In recent months, hoaxers who usually play games online have opted for high-tech identity-disguising tools and proxy servers to anonymously intimidate schools on the Internet or in phone messages using electronic voices to trigger massive emergency responses — a tactic known as “Swatting” because the hoax usually results in a SWAT team showing up.

The latest swatting incident targeted schools in New Hampshire, Massachusetts, Florida, Maryland, Rhode Island, Utah, Montana, Colorado, Vermont, Oregon, Iowa, Illinois, North Dakota, South Dakota, Wyoming, New York, Wisconsin, Maine, Delaware, Washington, and Minnesota.

Over 26 schools in the United Kingdom also shut down, as well.

In the U.K., several schools received a recorded call from a mysterious voice that lasted 90 seconds. The voice had vowed that shrapnel would “take children’s heads off.” Most of the calls had come in around 10 a.m.

In the same vein, the recorded calls in America which posed a bomb threat came in between 2:00 and 2:30 p.m. Eastern Time. All the phone threats were made against elementary, middle, and high schools. Some of the schools refused to evacuate school premises, instead opting to put all buildings on lockdown.

Others evacuated, but resumed their classes after law enforcement authorities failed to discover any explosives or detect any perceived threats. A statement from the FBI encouraged the public to remain eagle-eyed and report any suspicious activities that could pose a threat to public safety as quickly as possible.

Officials have described the threats as automated calls, and at least two of the affected schools — Ben Franklin Elementary School in Rochester, Minnesota, and Lakewood High School on the outskirts of Denver — acknowledged that the calls came in before noon local time. Students at the Murray High School outside Salt Lake City were told to go home, as dogs sniffing for bombs were brought in.

In Minnesota, Forest Lake Elementary was evacuated around 12:15 p.m. while two elementary schools in Colorado — Cherokee Trail Elementary in Parker and Liberty Point Elementary in Pueblo West — were also evacuated. Cherokee Trail is the same district where two 16-year-old girls, Sienna Johnson and Brooke Higgins, are accused of plotting a massacre similar to the Columbine shootings in 1999, according to the Guardian.

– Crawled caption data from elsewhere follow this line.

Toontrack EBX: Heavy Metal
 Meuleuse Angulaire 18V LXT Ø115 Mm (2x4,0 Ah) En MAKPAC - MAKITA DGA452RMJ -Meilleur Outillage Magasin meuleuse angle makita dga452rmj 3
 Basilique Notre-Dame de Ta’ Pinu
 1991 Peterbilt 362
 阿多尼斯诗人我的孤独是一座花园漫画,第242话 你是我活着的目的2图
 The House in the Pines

This is not the first time that swatting threats have been recorded against the United States. In 2014, Matthew Tollis, then 24, made bomb threats against schools in Connecticut, Texas, and Massachusetts. He was sentenced to a year in prison, according to The Newark Star-Ledger. Tollis was part of a clandestine group of Xbox gamers who called themselves “TCOD” (TeAM CrucifiX or Die.) He pleaded guilty to conspiring to engage in the malicious dispersal of false information. After concluding his prison term, he is currently serving three more years of supervised release and is also expected to put in 300 hours of community service.

Additionally, a Canadian teenager was arrested for a slew of swatting incidents in the United States, according to the Daily Mail. The teen, who cannot be named because he was a juvenile at the time of his crimes, targeted Florida, Connecticut, California, and New York. In a series of threats against a high school in Florida, he had said he would start killing students at the school unless he received a large amount of money. The threat led to an intensive search and evacuation that lasted three hours. Police are also linking him to repeatedly taunting the FBI on Twitter.

[Image via Shutterstock/bibphoto]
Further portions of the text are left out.